:: MATERIAL FOR THIS EXERCISE ::
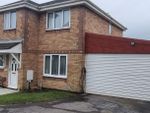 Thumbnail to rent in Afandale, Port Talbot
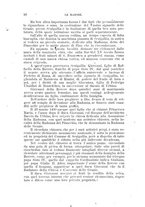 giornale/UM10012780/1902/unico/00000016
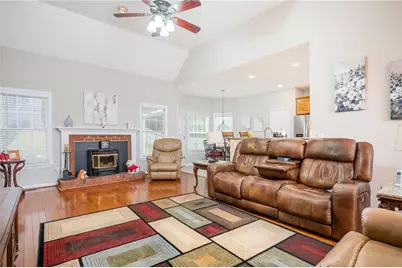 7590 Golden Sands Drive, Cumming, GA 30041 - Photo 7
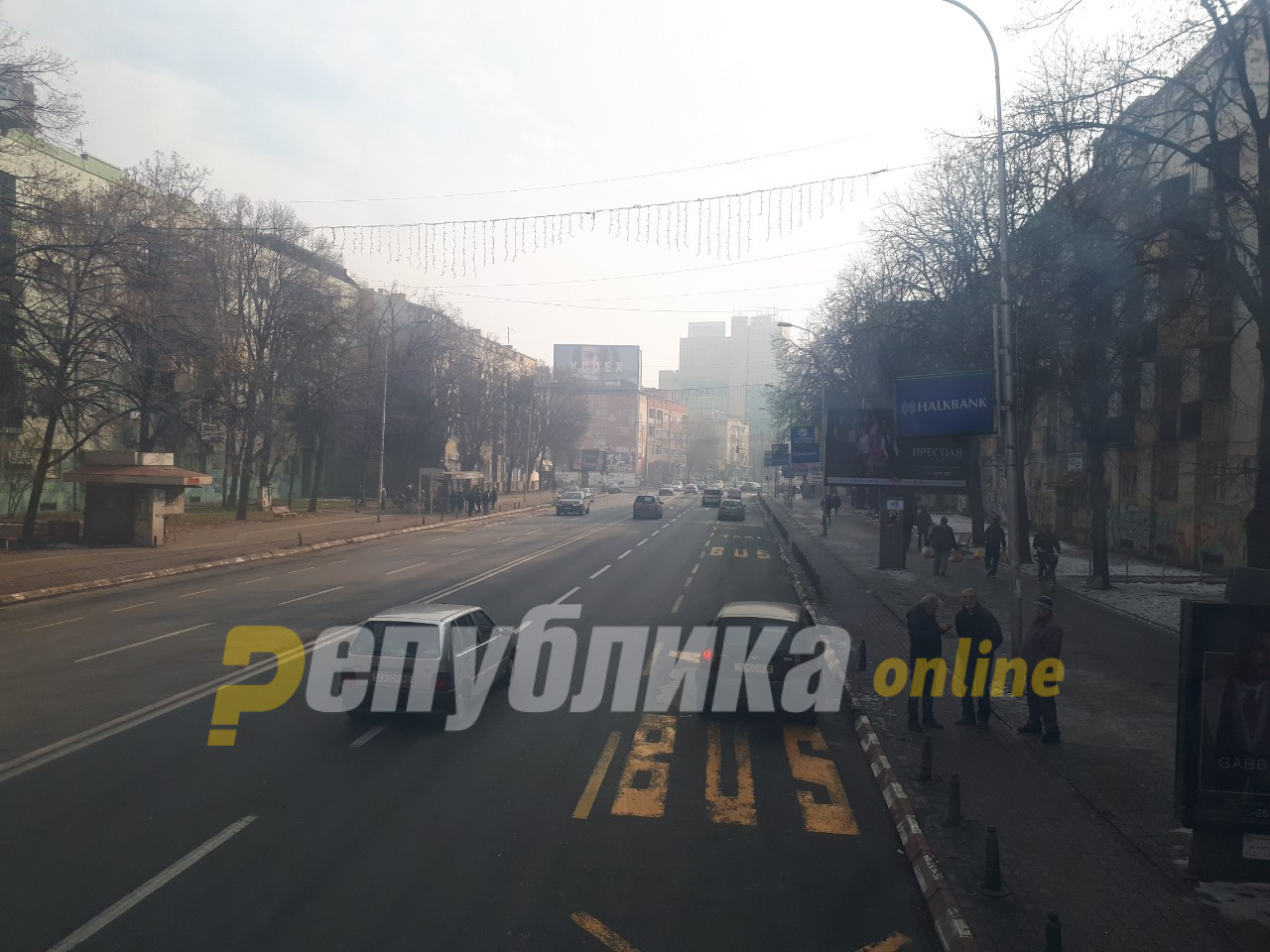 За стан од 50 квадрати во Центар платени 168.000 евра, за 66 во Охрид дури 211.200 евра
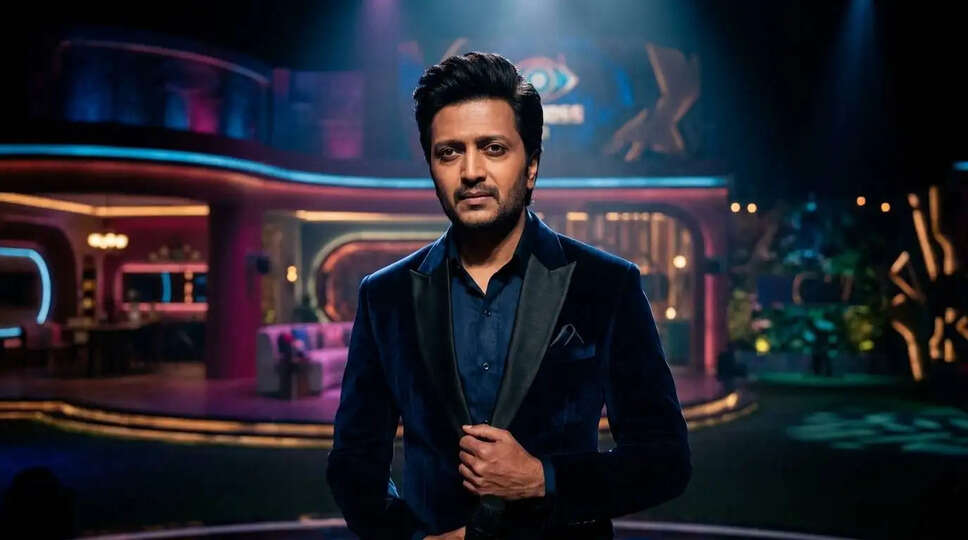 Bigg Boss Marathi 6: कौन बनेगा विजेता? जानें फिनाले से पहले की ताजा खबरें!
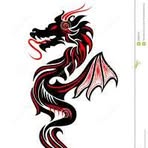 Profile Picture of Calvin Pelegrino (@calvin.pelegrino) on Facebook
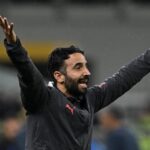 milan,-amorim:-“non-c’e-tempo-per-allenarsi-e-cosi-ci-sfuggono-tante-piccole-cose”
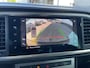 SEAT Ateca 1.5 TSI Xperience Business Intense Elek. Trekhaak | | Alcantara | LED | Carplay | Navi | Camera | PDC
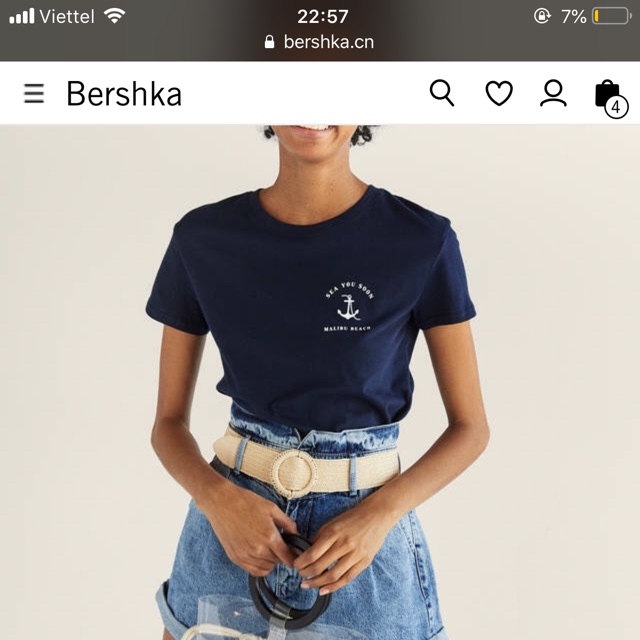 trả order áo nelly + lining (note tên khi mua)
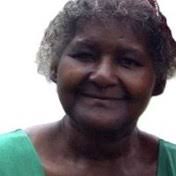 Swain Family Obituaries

:: EXERCISE DIRECTIONS ::
Each line from the one that contains "7590 Golden Sands" down to the one that contains "Profile Picture of" is to be returned exactly as it stands above, both ends included, with pictures removed.

:: RESULT FOR THIS TASK ::
 7590 Golden Sands Drive, Cumming, GA 30041 - Photo 7
 За стан од 50 квадрати во Центар платени 168.000 евра, за 66 во Охрид дури 211.200 евра
 Bigg Boss Marathi 6: कौन बनेगा विजेता? जानें फिनाले से पहले की ताजा खबरें!
 Profile Picture of Calvin Pelegrino (@calvin.pelegrino) on Facebook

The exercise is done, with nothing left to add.